§ DATASET EXCERPTS:
· · ·

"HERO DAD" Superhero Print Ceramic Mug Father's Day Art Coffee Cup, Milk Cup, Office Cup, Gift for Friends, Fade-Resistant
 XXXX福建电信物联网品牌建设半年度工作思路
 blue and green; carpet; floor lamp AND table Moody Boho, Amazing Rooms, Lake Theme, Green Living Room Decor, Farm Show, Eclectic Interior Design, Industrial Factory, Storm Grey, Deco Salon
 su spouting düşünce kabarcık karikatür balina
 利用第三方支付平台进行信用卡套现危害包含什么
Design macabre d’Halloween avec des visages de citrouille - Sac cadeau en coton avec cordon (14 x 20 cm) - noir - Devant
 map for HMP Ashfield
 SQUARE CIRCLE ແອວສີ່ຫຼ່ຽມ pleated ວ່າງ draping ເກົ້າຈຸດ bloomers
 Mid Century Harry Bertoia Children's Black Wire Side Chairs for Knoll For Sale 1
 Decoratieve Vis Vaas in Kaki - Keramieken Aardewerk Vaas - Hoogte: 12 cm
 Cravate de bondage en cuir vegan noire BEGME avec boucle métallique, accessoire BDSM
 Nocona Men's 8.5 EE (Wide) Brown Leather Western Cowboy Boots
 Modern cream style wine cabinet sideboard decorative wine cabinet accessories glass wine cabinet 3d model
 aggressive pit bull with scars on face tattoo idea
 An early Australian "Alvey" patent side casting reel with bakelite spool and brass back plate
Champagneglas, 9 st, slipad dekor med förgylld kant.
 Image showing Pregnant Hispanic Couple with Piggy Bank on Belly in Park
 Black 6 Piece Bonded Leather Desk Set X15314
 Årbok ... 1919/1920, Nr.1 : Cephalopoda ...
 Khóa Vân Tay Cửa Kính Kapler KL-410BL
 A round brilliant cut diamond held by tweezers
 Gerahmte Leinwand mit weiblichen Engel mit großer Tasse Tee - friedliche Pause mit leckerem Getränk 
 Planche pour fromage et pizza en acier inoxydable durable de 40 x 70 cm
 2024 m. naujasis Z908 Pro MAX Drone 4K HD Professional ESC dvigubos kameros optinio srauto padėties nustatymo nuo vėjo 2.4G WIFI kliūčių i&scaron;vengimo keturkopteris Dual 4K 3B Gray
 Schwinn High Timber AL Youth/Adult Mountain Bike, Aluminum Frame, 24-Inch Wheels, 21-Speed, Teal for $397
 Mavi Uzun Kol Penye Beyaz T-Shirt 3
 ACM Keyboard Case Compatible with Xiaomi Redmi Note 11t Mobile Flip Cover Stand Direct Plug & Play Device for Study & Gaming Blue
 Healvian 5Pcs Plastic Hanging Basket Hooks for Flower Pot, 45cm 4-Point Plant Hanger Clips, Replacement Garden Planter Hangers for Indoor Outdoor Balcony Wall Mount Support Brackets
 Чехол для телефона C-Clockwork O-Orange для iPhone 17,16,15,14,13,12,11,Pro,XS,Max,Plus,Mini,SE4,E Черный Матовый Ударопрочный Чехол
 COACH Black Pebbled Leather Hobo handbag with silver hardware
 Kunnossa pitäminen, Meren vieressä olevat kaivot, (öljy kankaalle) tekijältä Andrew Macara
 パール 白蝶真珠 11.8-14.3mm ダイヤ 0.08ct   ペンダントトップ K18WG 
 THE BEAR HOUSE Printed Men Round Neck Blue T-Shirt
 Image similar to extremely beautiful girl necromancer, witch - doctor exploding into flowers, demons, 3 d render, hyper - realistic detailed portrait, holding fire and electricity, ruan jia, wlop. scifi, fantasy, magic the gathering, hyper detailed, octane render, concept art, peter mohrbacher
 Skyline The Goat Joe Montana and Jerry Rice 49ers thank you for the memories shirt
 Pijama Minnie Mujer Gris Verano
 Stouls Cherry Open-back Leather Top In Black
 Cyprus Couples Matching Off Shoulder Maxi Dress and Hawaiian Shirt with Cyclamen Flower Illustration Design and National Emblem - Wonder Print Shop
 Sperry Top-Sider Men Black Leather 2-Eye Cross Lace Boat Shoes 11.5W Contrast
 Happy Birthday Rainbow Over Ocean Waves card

· · ·

§ TASK INSTRUCTIONS: Reproduce only the lines above, starting at the line with "Black 6 Piece Bonded Leather Desk Set X15314" and ending at the line with "ACM Keyboard Case", exactly as written.

§ ANSWER BOX:
 Black 6 Piece Bonded Leather Desk Set X15314
 Årbok ... 1919/1920, Nr.1 : Cephalopoda ...
 Khóa Vân Tay Cửa Kính Kapler KL-410BL
 A round brilliant cut diamond held by tweezers
 Gerahmte Leinwand mit weiblichen Engel mit großer Tasse Tee - friedliche Pause mit leckerem Getränk 
 Planche pour fromage et pizza en acier inoxydable durable de 40 x 70 cm
 2024 m. naujasis Z908 Pro MAX Drone 4K HD Professional ESC dvigubos kameros optinio srauto padėties nustatymo nuo vėjo 2.4G WIFI kliūčių i&scaron;vengimo keturkopteris Dual 4K 3B Gray
 Schwinn High Timber AL Youth/Adult Mountain Bike, Aluminum Frame, 24-Inch Wheels, 21-Speed, Teal for $397
 Mavi Uzun Kol Penye Beyaz T-Shirt 3
 ACM Keyboard Case Compatible with Xiaomi Redmi Note 11t Mobile Flip Cover Stand Direct Plug & Play Device for Study & Gaming Blue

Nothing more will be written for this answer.